Regardless of attitudes to the potential of new platforms to generate revenue, publishers appear more positive about the benefits of these technologies within production and supply chain distribution, which should be welcomed. Many publishers have been enthusiastic in embracing new technologies and quick to see the opportunities both for increasing internal efficiency and for creating innovative products and services.

Within publishing, digital technologies have created what might be termed a new competitive ‘hinterland’. Whereas, in the offline world, newspapers, magazines, TV and radio form separate ‘channels’ with their own modes, the trick now is to understand how they can be brought together to compliment each other. There is little point in trying to ignore digital; it is here to stay in all its forms and there is also little point in getting hung up on the perceived negatives. The trick is to be clear about how it can benefit your business.

Auto Trader’s priorities

Our experience at TMG is based on a ‘no compromise support’ for the web, seeing it as complimentary to print and it is precisely in understanding how they compliment each other that we believe our future success will be realised.
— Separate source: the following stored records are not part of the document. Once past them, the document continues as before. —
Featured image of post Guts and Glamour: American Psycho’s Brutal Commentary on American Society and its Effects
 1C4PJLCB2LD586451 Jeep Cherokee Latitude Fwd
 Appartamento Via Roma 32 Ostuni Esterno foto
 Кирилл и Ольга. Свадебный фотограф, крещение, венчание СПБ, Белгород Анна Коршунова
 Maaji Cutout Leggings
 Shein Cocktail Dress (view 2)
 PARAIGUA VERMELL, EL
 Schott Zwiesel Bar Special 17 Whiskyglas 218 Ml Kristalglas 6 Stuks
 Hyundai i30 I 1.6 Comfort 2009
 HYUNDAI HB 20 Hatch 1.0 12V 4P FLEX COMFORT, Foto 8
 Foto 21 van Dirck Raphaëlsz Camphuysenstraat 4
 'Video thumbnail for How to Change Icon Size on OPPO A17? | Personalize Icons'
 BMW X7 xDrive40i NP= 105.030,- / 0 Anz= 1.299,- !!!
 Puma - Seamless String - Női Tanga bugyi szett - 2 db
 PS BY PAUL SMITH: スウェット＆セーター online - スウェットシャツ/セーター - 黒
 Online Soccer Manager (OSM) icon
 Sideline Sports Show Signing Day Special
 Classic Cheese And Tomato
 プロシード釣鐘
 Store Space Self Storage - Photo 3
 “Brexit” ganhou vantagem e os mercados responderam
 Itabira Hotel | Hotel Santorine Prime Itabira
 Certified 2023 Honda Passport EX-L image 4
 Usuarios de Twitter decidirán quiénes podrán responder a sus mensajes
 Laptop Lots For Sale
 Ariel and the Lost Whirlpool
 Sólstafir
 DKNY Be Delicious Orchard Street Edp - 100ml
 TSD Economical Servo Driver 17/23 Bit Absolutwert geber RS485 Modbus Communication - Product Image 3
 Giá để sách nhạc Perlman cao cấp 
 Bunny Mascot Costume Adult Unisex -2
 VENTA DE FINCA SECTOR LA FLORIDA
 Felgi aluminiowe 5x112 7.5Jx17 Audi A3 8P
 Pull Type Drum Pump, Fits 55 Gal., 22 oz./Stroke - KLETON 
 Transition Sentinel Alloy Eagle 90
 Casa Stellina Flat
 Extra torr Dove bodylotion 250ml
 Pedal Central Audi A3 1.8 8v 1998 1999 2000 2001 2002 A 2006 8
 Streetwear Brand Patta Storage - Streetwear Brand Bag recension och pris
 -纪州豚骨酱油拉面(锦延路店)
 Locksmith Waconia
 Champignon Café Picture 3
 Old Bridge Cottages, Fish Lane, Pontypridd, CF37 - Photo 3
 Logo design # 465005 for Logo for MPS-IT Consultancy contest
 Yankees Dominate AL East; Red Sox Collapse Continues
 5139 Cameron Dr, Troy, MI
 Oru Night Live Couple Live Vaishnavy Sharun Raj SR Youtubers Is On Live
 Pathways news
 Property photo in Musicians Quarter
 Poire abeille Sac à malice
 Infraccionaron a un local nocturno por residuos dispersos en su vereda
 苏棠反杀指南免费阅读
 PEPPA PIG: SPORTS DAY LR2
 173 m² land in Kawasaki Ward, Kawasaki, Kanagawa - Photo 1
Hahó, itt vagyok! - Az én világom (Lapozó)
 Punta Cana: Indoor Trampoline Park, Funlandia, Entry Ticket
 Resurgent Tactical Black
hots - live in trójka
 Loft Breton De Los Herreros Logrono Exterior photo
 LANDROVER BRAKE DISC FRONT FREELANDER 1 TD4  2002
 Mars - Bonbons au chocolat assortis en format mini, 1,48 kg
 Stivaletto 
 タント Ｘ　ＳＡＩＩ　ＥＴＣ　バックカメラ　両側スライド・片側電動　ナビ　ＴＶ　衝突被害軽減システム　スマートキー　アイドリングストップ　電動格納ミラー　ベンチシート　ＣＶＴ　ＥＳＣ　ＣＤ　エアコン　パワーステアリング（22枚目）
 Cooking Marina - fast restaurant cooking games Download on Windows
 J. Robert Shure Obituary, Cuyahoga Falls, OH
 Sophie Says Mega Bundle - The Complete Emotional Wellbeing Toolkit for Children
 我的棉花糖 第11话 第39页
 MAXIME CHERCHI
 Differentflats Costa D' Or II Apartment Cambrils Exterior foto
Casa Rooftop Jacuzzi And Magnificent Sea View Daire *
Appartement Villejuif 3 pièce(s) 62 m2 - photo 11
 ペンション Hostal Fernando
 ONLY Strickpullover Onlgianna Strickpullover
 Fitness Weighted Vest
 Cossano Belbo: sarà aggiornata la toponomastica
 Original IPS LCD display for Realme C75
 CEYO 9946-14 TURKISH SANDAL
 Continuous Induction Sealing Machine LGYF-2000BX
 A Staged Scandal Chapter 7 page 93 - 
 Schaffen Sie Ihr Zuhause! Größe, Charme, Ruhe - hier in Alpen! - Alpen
We also knew that to achieve success in this new environment, we needed to focus on:

* Clear, solid commercial results-based objectives
* Understanding that this would kick start the virtuous business cycle – generating response for advertisers
* Combining our resources into a single direction
* Building internal enthusiasm and driving joint business activity
* Fully supporting our sales teams 
* Continuing to add brand value

For Auto Trader, we also had to formulate strategies to deal with the impact of:

* Media explosion and clutter (Each and every motorist in the UK will receive up to 1,500 advertising messages daily.)
* An increasingly demanding consumer
* Consumer ("Motorist") segmentation. Age, gender, lifestyle, media use… 
* The threat posed by Google / MSN / Yahoo / Ebay
* How our online approach works compared to print

Finally, the real value of taking this necessary and combined approach will only ultimately accrue all its benefits if we can convince the ABC to report jointly across the platforms. The good news is that they appear to be warming to the idea in principle, but it remains to be seen if the agencies will buy into this approach. This would be a major step forward and could in turn be a catalyst to kick start a new digital / print drive encouraging more publishers to enter the market or further develop their offering.